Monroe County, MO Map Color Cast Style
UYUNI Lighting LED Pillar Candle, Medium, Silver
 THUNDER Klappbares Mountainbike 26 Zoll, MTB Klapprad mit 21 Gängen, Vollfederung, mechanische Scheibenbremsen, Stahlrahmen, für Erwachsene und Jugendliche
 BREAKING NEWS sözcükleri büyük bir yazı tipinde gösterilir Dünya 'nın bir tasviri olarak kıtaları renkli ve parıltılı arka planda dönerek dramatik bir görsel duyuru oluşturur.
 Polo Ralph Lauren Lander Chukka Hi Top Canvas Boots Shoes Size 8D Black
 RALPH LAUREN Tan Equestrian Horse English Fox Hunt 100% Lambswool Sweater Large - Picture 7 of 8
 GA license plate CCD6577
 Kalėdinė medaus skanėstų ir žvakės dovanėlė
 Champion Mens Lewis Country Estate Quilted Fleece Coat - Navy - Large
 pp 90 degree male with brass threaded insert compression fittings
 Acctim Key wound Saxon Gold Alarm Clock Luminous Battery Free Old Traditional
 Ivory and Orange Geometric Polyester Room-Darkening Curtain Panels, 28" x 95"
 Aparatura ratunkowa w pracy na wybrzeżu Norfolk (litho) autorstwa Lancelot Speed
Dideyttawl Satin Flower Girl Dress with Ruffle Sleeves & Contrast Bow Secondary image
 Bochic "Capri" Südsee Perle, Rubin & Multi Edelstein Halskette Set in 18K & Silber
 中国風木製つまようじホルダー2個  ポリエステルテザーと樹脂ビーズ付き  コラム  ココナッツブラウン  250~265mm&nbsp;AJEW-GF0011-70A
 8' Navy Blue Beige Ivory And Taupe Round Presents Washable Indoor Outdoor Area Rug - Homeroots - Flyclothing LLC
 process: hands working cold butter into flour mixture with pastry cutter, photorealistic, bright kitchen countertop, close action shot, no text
::::::::
• TASK:
Each record above should be transcribed exactly.

• EXERCISE ANSWER:
Monroe County, MO Map Color Cast Style
UYUNI Lighting LED Pillar Candle, Medium, Silver
 THUNDER Klappbares Mountainbike 26 Zoll, MTB Klapprad mit 21 Gängen, Vollfederung, mechanische Scheibenbremsen, Stahlrahmen, für Erwachsene und Jugendliche
 BREAKING NEWS sözcükleri büyük bir yazı tipinde gösterilir Dünya 'nın bir tasviri olarak kıtaları renkli ve parıltılı arka planda dönerek dramatik bir görsel duyuru oluşturur.
 Polo Ralph Lauren Lander Chukka Hi Top Canvas Boots Shoes Size 8D Black
 RALPH LAUREN Tan Equestrian Horse English Fox Hunt 100% Lambswool Sweater Large - Picture 7 of 8
 GA license plate CCD6577
 Kalėdinė medaus skanėstų ir žvakės dovanėlė
 Champion Mens Lewis Country Estate Quilted Fleece Coat - Navy - Large
 pp 90 degree male with brass threaded insert compression fittings
 Acctim Key wound Saxon Gold Alarm Clock Luminous Battery Free Old Traditional
 Ivory and Orange Geometric Polyester Room-Darkening Curtain Panels, 28" x 95"
 Aparatura ratunkowa w pracy na wybrzeżu Norfolk (litho) autorstwa Lancelot Speed
Dideyttawl Satin Flower Girl Dress with Ruffle Sleeves & Contrast Bow Secondary image
 Bochic "Capri" Südsee Perle, Rubin & Multi Edelstein Halskette Set in 18K & Silber
 中国風木製つまようじホルダー2個  ポリエステルテザーと樹脂ビーズ付き  コラム  ココナッツブラウン  250~265mm&nbsp;AJEW-GF0011-70A
 8' Navy Blue Beige Ivory And Taupe Round Presents Washable Indoor Outdoor Area Rug - Homeroots - Flyclothing LLC
 process: hands working cold butter into flour mixture with pastry cutter, photorealistic, bright kitchen countertop, close action shot, no text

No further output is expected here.